**What is required**
Beginning with the line that contains "鸡蛋吃什么益生菌(吃什么益生菌缓解鸡蛋?) 鸡蛋吃什么益", print each line to the end of the data exactly. Omit the pictures.

┌──

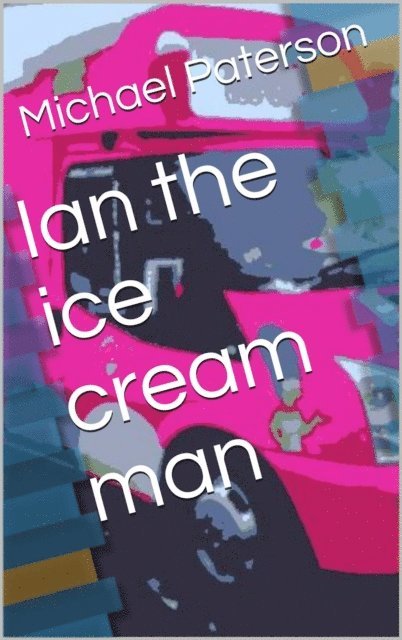 michael paterson - Ian the Ice Cream Man, E-bok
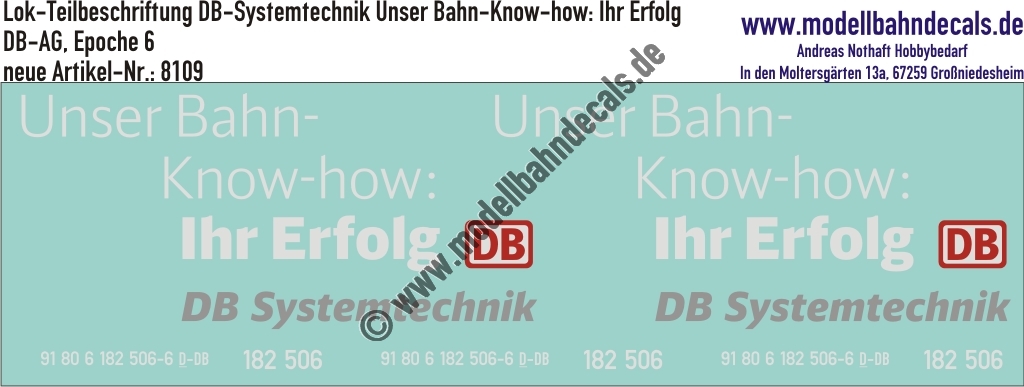 "Nass-Schiebebilder: Lok-Teilbeschriftung DB Systemtechnik, Unser Bahn-Know-how: Ihr Erfolg, inkl. Loknummern 182 506, DB-AG, Epoche 6 (Designstudie). Artikel-Nummer: 8109"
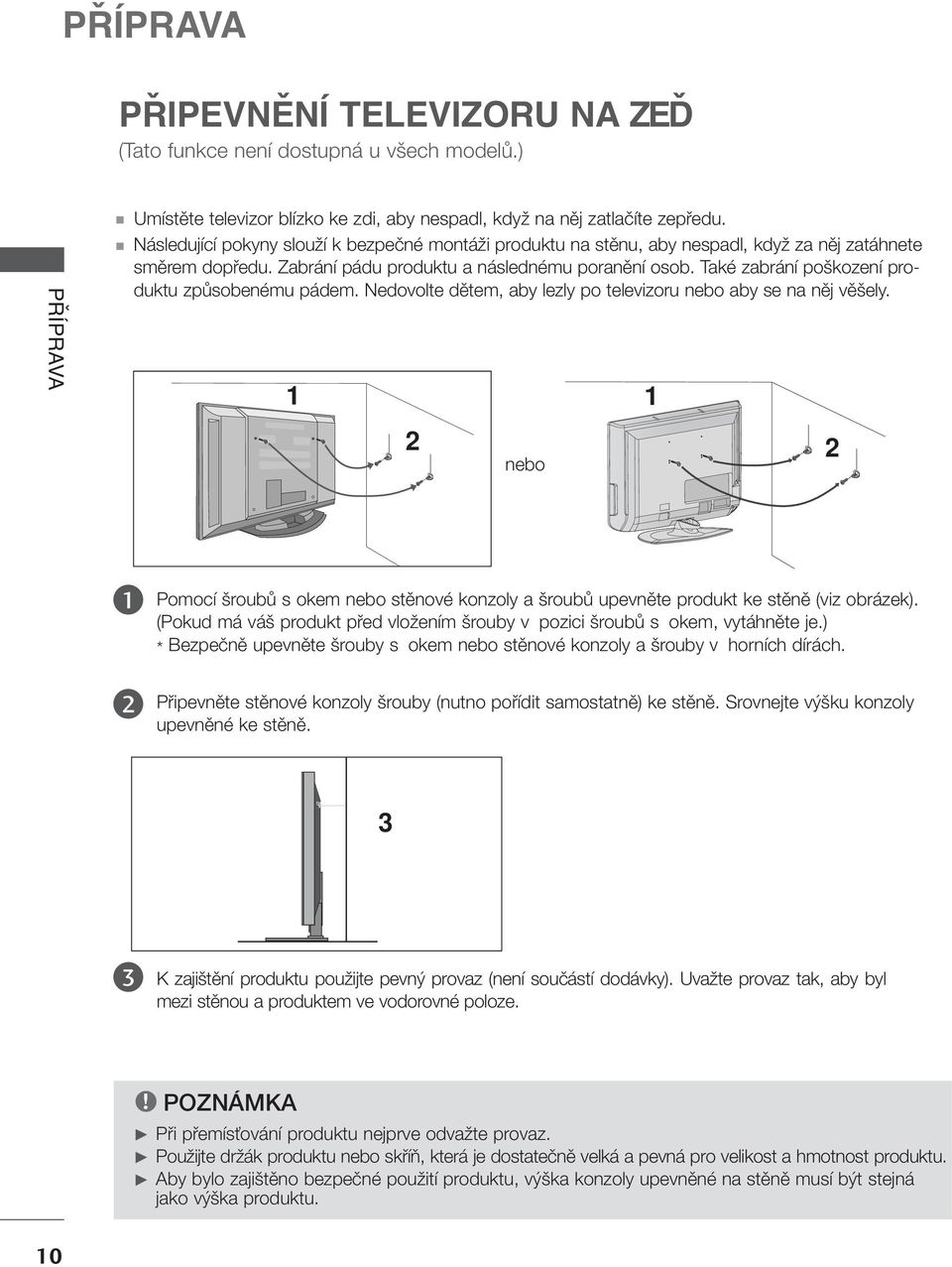Také zabrání po kození produktu zpûsobenému pádem. Nedovolte dûtem, aby lezly po televizoru nebo aby se na nûj vû ely.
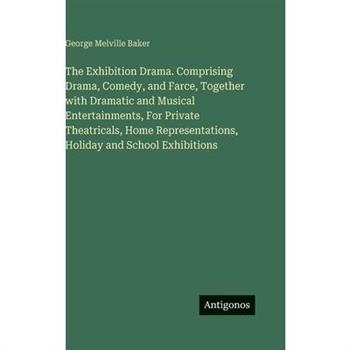 The Exhibition Drama. Comprising Drama, Comedy, and Farce, Together with Dramatic and Musical Entertainments, For Private Theatricals, Home Representations, Holiday and School Exhibitions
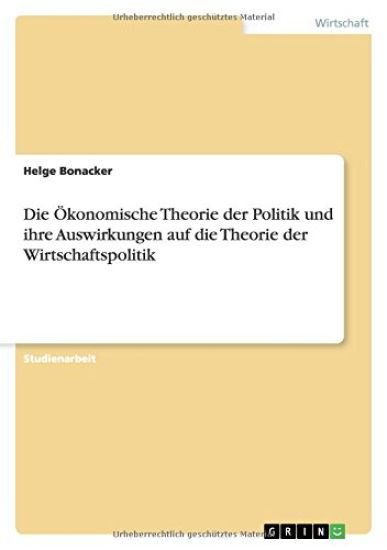Die Ökonomische Theorie der Politik und ihre Auswirkungen auf die Theorie der Wirtschaftspolitik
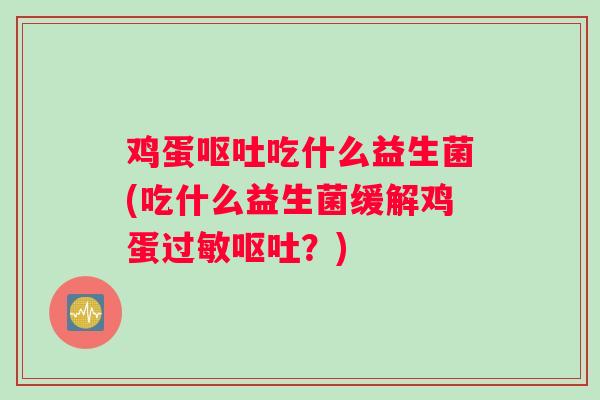 鸡蛋吃什么益生菌(吃什么益生菌缓解鸡蛋?) 鸡蛋吃什么益生菌(吃什么益生菌缓解鸡蛋?)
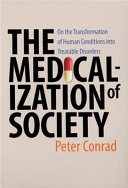 The medicalization of society : on the transformation of human conditions into treatable disorders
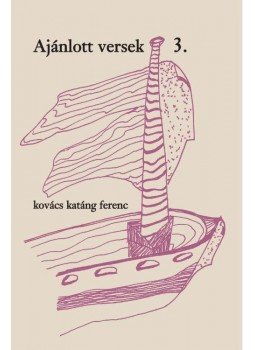 Kovács katáng Ferenc - Ajánlott versek 3. - Álomképek oldalvizén Kovács katáng Ferenc - Ajánlott versek 3. - Álomképek oldalvizén, null 2016 antikvár könyv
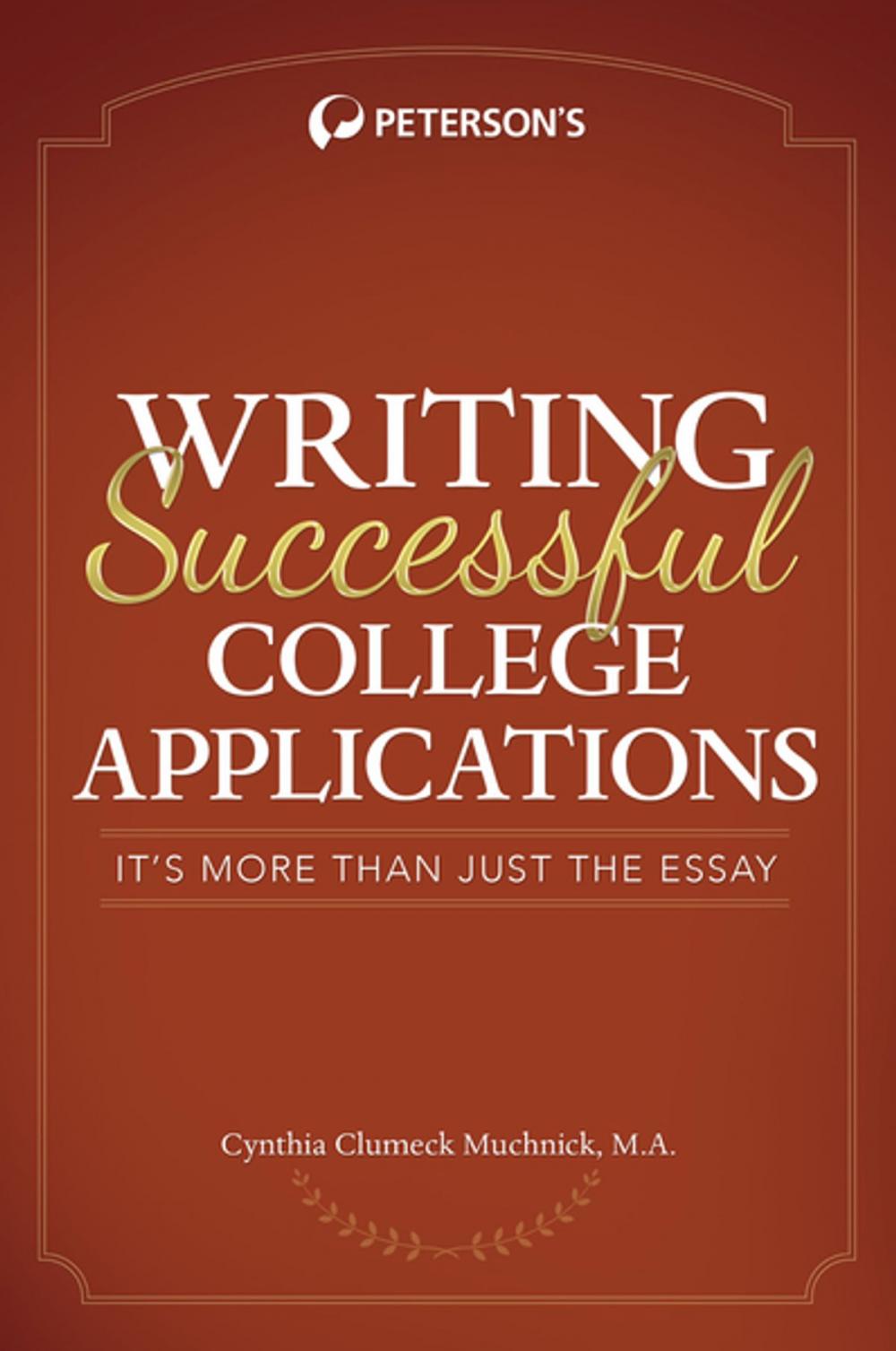 Big bigCover of Writing Successful College Applications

└──

**Response to this task**
 鸡蛋吃什么益生菌(吃什么益生菌缓解鸡蛋?) 鸡蛋吃什么益生菌(吃什么益生菌缓解鸡蛋?)
 The medicalization of society : on the transformation of human conditions into treatable disorders
 Kovács katáng Ferenc - Ajánlott versek 3. - Álomképek oldalvizén Kovács katáng Ferenc - Ajánlott versek 3. - Álomképek oldalvizén, null 2016 antikvár könyv
 Big bigCover of Writing Successful College Applications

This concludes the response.